Six-point movement, the historic June 7

June 7 remains a milestone in the history of Bangladesh.

On this day in 1966, the people of what was then East Pakistan observed a general strike in the province in support of the Awami League’s Six-Point programme of autonomy announced a few months earlier by Sheikh Mujibur Rahman.

আজ ঐতিহাসিক ছয় দফা দিবস–প্রথম আলো

The strike, in the course of which a number of individuals were killed in police firing and a number of others were injured, was a powerful instance of the Bangalees making their displeasure about their place in Pakistan known to the authorities.

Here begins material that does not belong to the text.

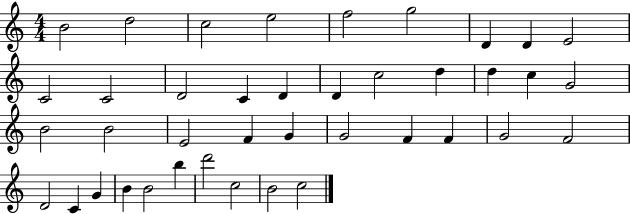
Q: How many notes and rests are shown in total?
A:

But even as the general strike, or hartal, kept the province in its grip throughout the day, the central leaders of the Awami League — Sheikh Mujibur Rahman, Tajuddin Ahmed, Syed Nazrul Islam and others — stayed behind bars. The strike would be spearheaded by two young Awami League politicians, Mizanur Rahman Chowdhury and Amena Begum.

Mujib, who would not become Bangabandhu till three years later, had been placed in detention under the Defence of Pakistan Rules on 8 May 1966. The reason was not hard to understand: Field Marshal Mohammad Ayub Khan, president of Pakistan, had made clear his opinion on the Six Points. He told the country that the purveyors of the Six Points would be dealt with in the language of weapons.

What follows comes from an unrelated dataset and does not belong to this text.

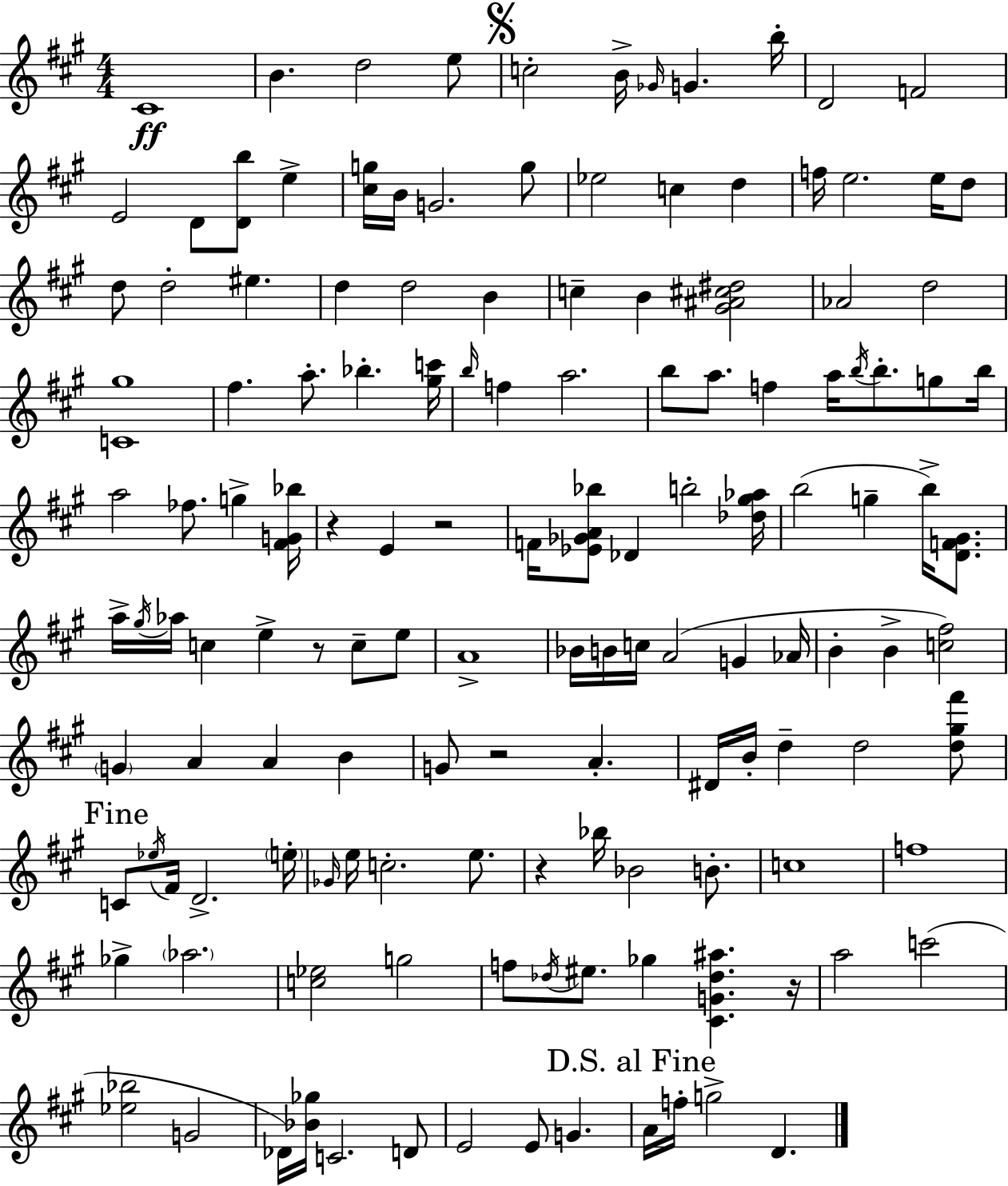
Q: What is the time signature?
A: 4/4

Ayub Khan was not the only individual who spotted a threat to Pakistan’s unity should the Six Points be acknowledged. His soon-to-be-out foreign minister Zulfikar Ali Bhutto challenged Mujib early in the year to a public debate at Dhaka’s Paltan Maidan on the Six Points. It was Tajuddin Ahmed who accepted the challenge on Mujib’s behalf. In the event, Bhutto did not turn up.

The Six-Point programme included the following:

1. Pakistan would have a federal structure of government based on spirit of the Lahore Resolution of 1940, with a parliament elected on the basis of universal adult franchise;

2. The central government would have authority only in defence and foreign affairs and all other subjects would be handled by the federating units of the state of Pakistan;

3. There would be two freely convertible currencies for the two wings of Pakistan or two separate reserve banks for the two regions of the country;

4. The power of taxation and revenue collection would be vested in the federating units;

5. There would be two separate accounts for foreign exchange reserves for the two wings of Pakistan;

6. East Pakistan would have a separate militia or paramilitary force as a measure of its security.

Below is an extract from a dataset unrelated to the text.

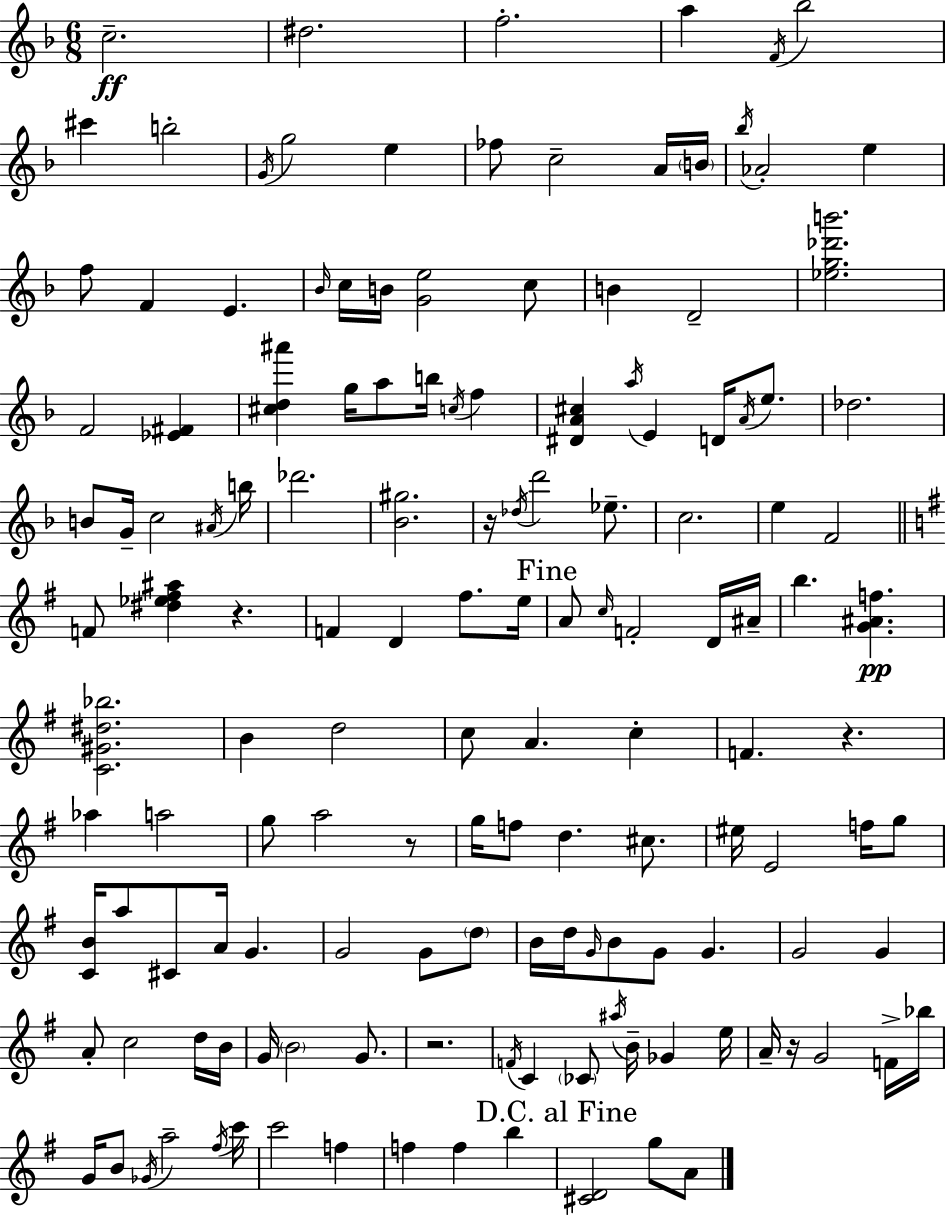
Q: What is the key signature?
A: D minor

Sheikh Mujibur Rahman planned to announce the Six Points at a conference of opposition political parties in Lahore in early February 1966. He was not permitted to do so by the other participants, including the chief of the Awami League at the time, Nawabzada Nasrullah Khan. They found the plan too incendiary to be articulated. Rebuffed, Mujib announced the plan at a news conference in Lahore the following day, February 5, 1966.

Mujib’s move raised howls of protest all over Pakistan. The civil-military bureaucracy and politicians straddling both government and opposition circles were quick to dub the Six Points as a secessionist plot to dismember Pakistan. Sheikh Mujibur Rahman’s arrest in May 1966, followed by the 7 June strike, swiftly led to circumstances where the Pakistan government opted for repression in East Pakistan. Tofazzal Hossain Manik Mia, the respected editor of the Bangla daily Ittefaq, was arrested on June 16 over his support for the Six Points. The next day, a ban was clamped on his newspaper.

Events would move fast after June 1966. In January 1968, Mujib would be charged with conspiracy to break up Pakistan. The case, which would become notorious as the Agartala Conspiracy Case, would eventually be withdrawn under public pressure on February 22, 1969.

A day after his release, Mujib would be honoured as Bangabandhu (friend of Bengal) at a historic rally in Dhaka.